KEY POINTS:
Other banks could follow in reducing customer service staff after ANZ bank's call for voluntary redundancies, says a senior banking studies lecturer.
Dr David Tripe, of Massey University, said ANZ's announcement was not a surprise but the way it was handled was.
ANZ staff were asked at branch meetings throughout the country yesterday to consider voluntary redundancies.
"Either ANZ has been hit worse than everyone else, or that all the banks are being hit the same way and the ANZ have made a ham-fist of it and demonstrated to other banks what not to do," Dr Tripe said.
He said rumours were circulating for much of yesterday while the bank remained silent.
Dr Tripe said it was not a good move for ANZ which has only recently started to show an improvement in its ratings in customer service surveys.
"People will think: 'Oh, maybe my branch is going to close, maybe I should make an arrangement with another bank so that when my branch closes, I'll be all right'."
The call for voluntary redundancies has sparked fears that the bank could be sold off or amalgamated with the National Bank.
The ANZ's managing director of retail banking, Wayne Besant, said in a written statement that the number of over-the-counter transactions had dropped.
He said a review of the retail banking side of ANZ would be done.

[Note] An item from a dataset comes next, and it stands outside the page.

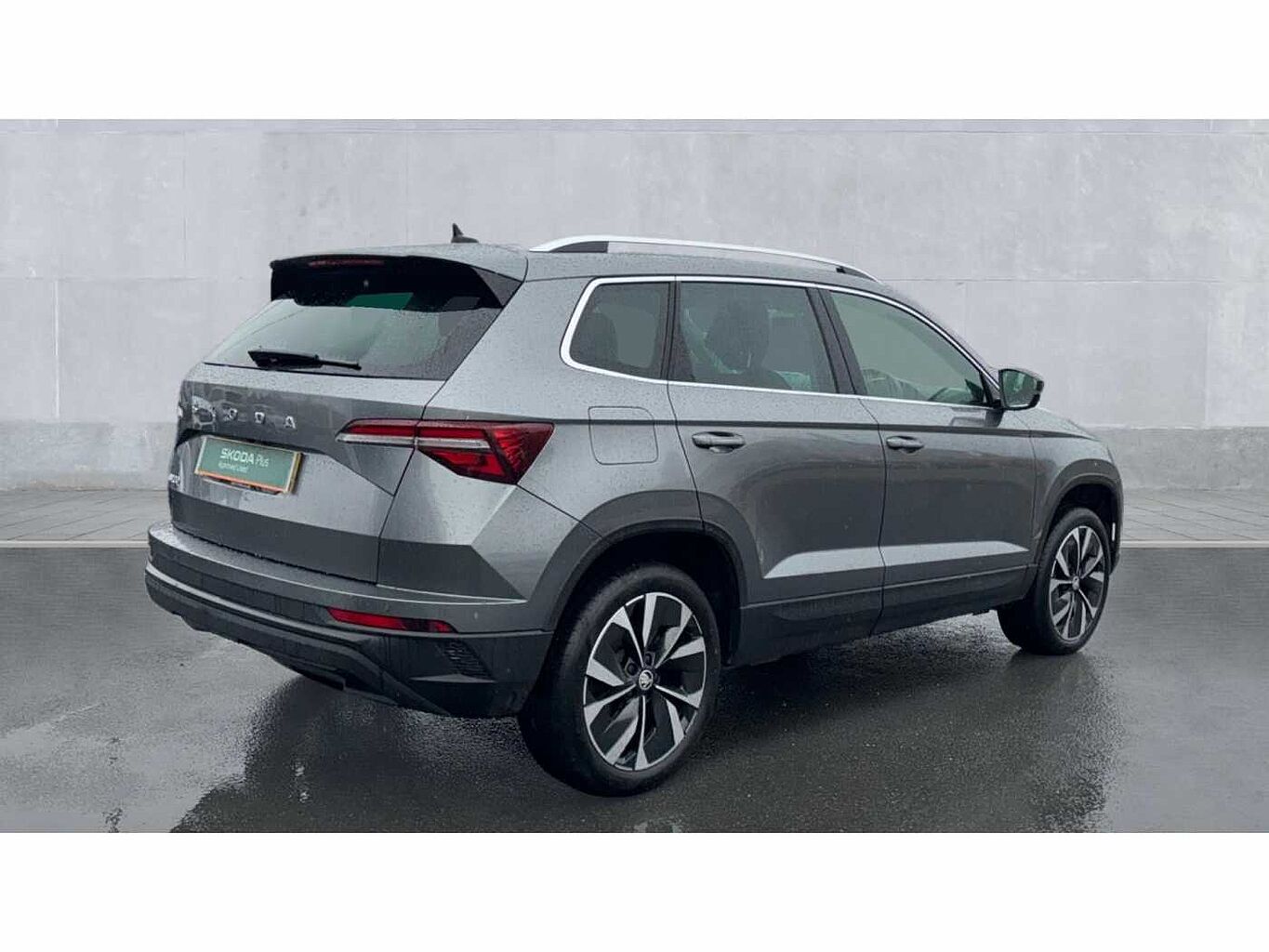 SKODA KAROQ SE L 1.5 TSI 150 PS 6G Man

Australian ANZ owns the ANZ and the National Bank in New Zealand.
In April, the bank said 400 positions would be moving to India but there would not be any redundancies.

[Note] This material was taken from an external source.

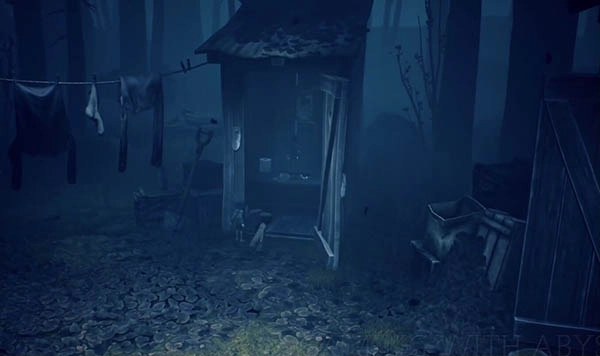 小小梦魇2双人手机版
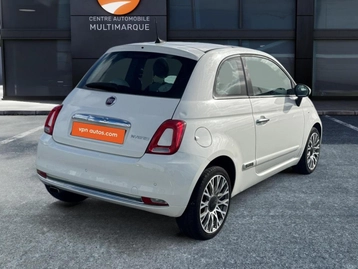 Image véhicule  Fiat 500 (4)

Andrew Campbell, campaigns director for the union that represents ANZ staff, Finsec, said the bank has now gone back on its word that there would not be redundancies.
"Today's announcement shows that to be a lie," Mr Campbell said.
He said ANZ management also yesterday announced a recruitment freeze and cuts in overtime yesterday.
Mr Campbell said that since the merger of ANZ and National, there has been concern about whether both banks would continue to operate as separate entities.